There are $N_1<N_2<N_3<\cdots$ such that

$$\sum_{n=N_k+1}^{N_{k+1}}a_n\le 2^{-N}.$$

Take $b_n=2^{N/2}$ for $N_k<n\le N_{k+1}$ (and anything you like for $n\le N_1$). Then

$$\sum_{n=N_k+1}^{N_{k+1}}a_n b_n \le 2^{-N/2}.$$

Therefore $\sum_{n=N_1+1}^\infty a_nb_n =\sum_{k=1}^\infty\sum_{n=N_k+1}^{N_{k+1}}a_n b_n$ converges.

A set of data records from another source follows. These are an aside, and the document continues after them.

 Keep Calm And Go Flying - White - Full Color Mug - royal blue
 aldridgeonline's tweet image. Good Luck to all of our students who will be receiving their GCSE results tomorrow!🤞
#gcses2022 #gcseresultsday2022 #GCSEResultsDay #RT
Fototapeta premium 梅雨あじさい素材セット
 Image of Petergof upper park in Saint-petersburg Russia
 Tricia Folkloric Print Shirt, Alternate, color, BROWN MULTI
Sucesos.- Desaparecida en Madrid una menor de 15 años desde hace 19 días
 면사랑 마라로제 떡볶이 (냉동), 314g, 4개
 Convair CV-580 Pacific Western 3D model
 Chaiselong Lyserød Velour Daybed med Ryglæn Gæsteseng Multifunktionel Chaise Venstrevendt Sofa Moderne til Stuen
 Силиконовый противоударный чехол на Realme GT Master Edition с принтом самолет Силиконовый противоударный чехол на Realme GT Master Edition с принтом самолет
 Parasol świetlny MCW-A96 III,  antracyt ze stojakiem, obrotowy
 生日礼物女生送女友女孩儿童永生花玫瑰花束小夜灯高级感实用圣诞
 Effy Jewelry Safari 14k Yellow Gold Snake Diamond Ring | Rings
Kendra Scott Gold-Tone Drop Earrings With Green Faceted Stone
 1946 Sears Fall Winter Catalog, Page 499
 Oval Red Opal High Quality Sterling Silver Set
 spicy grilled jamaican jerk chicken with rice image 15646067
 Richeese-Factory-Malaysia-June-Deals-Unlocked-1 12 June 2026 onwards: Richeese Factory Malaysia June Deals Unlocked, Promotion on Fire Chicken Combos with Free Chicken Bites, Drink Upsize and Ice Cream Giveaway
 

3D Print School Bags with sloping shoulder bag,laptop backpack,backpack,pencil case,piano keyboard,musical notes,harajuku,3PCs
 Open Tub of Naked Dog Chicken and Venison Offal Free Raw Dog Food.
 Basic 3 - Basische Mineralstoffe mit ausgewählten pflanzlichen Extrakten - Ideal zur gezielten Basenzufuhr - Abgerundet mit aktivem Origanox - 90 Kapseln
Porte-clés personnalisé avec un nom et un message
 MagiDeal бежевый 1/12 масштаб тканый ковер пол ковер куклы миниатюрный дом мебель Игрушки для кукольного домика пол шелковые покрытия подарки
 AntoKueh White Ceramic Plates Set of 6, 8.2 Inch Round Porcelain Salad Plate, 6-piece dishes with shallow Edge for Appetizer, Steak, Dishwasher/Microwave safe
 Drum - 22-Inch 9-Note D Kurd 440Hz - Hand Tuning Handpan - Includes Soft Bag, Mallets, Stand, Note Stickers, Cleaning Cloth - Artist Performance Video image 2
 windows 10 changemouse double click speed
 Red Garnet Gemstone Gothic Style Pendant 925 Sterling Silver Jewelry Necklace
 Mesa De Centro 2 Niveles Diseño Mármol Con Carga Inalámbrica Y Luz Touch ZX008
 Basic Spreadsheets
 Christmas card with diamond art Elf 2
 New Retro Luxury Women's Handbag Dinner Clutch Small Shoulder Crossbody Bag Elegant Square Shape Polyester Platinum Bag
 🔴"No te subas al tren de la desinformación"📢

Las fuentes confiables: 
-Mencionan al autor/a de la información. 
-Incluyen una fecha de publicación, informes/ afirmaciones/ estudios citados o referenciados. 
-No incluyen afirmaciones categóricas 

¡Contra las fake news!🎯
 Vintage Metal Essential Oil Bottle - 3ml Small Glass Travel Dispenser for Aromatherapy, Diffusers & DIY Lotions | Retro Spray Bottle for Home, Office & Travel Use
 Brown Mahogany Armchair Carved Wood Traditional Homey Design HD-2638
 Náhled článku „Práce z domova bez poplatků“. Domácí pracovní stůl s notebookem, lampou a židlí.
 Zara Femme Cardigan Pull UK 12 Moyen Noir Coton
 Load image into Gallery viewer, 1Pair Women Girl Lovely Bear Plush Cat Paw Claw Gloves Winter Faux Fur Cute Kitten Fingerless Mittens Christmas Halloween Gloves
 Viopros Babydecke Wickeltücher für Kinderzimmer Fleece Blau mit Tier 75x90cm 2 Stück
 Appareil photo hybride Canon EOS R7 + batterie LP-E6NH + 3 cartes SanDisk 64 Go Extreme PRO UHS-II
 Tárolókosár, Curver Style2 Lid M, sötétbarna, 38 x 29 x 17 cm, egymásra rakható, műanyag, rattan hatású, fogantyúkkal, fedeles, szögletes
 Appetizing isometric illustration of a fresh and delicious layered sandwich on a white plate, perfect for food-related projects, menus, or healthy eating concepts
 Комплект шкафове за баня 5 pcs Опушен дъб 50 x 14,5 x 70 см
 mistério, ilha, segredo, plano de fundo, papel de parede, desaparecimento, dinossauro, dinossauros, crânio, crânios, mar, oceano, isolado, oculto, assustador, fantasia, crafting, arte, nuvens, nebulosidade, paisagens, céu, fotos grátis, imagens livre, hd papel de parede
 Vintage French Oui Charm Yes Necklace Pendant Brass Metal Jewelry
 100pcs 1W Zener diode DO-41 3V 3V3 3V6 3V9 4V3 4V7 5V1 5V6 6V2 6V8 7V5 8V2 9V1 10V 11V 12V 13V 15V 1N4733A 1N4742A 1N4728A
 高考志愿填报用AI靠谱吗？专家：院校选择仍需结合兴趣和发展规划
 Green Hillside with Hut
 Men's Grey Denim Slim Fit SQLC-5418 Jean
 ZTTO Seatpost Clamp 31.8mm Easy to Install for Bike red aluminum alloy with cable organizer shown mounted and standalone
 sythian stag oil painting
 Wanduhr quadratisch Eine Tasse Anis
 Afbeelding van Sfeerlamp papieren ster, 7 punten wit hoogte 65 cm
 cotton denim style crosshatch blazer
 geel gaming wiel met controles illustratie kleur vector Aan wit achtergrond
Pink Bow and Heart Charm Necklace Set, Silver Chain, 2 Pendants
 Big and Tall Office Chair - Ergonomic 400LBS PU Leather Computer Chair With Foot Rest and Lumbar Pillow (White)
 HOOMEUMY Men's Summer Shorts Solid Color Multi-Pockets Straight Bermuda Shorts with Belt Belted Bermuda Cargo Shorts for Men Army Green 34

We may assume $\sum_{n\in\mathbb{N}}a_n=1$ without loss of generality, by multiplying every element of $\{a_n\}_{n\in\mathbb{N}}$ by a suitable constant. Under such assumption, we may consider the sequence $\{b_n\}_{n\in\mathbb{N}}$ defined through: $$ b_0=c_0=1,\qquad b_n = \frac{1}{\sqrt{c_n}}, \qquad c_n = 1-\sum_{m=0}^{n-1} a_m. $$ Since $\sum_{n\in\mathbb{N}}a_n$ is convergent to $1$ and has non-negative terms, $\{c_n\}_{n\in\mathbb{N}}$ is a sequence with non-negative terms decreasing to $0$, hence $\{b_n\}_{n\in\mathbb{N}}$ is divergent to $+\infty$. We also have $a_n = c_n-c_{n+1}$, from which: $$ a_n b_n = \frac{c_n-c_{n+1}}{\sqrt{c_n}} = \frac{\left(\sqrt{c_n}-\sqrt{c_{n+1}}\right)\cdot\left(\sqrt{c_n}+\sqrt{c_{n+1}}\right)}{\sqrt{c_n}}\leq 2\left(\sqrt{c_n}-\sqrt{c_{n+1}}\right).$$ It follows that: $$ \sum_{n\leq N} a_n b_n \leq a_0 + 2\cdot\sum_{n\leq N}\left(\sqrt{c_n}-\sqrt{c_{n+1}}\right) = a_0 + 2\left(1-\sqrt{c_{N+1}}\right),$$ hence the series $\sum_{n\in\mathbb{N}}a_n b_n$ is convergent to some value $\leq\left(a_0+2\right)$.